Original cover art created by
Kelly P. of Kenosha, Wisconsin
Professional Trainer and Founder of Tourist Run Amsterdam
The coffee shops of Amsterdam in the Netherlands are legendary but not for their coffee. Other countries and cultures address drug usage differently than in the United States. Paul Bierman talks about the coffee shops of Amsterdam, where, despite it being illegal, cannabis usage is allowed. Paul Bierman is a professional trainer and founder of Tourist Run Amsterdam, and on this podcast he discusses the evolution and effects of the drug tolerance policy in the Netherlands. He gives a variety of tours of the Netherlands capital city, including the Coffee House Tour. The Coffee House Tours and others can be accessed at https://touristrunamsterdam.com/
Paul is also a professional trainer who helps people develop their public speaking skills. His trainings are unique, insightful, and entertaining. He can be reached at www.entertrainer.nl (The web site is in Dutch, but Paul trains in English for those companies who have English-speaking employees.)
[00:00:00] [Jaunty Music]
[00:00:12] Mike: Welcome everyone to Avoiding the Addiction Affliction series brought to you by the Kenosha County Substance Abuse Coalition. I'm Mike McGowan, you know, on these podcasts, we've talked a lot about usage and the using culture in this country and especially in the state of Wisconsin. And whenever I give talks, I hear the response.

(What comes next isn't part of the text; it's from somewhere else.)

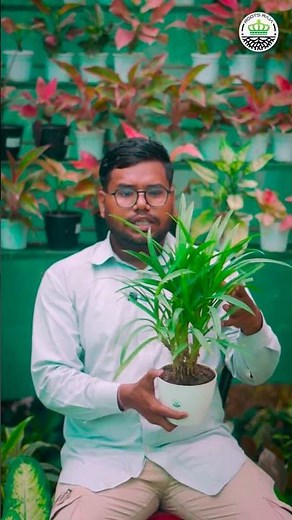 Pandanus Plant Care | Bright Light & Moderate Watering Tips | RootsRaja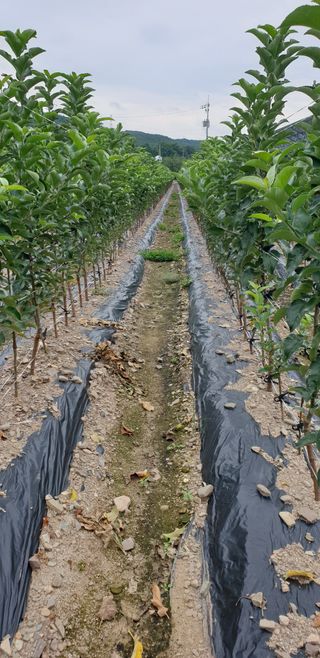 김화순님의 자유주제 · 자유게시판 작성글 사진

[00:00:32] Well, in Europe, they don't have a problem with it or something like that. And these statements are usually given by people who have never been to the country they mentioned, have no knowledge of that place. So I thought it might be fun and interesting to have a few conversations with actual people who live in some of the countries that get mentioned to me. These won't be research or scientific conversations, just chats with real people who actually live there.
[00:00:59] Today, I'm delighted to have as our guest, Paul Bierman who lives in the Netherlands Amsterdam, Paul?
[00:01:07] Paul: Amsterdam.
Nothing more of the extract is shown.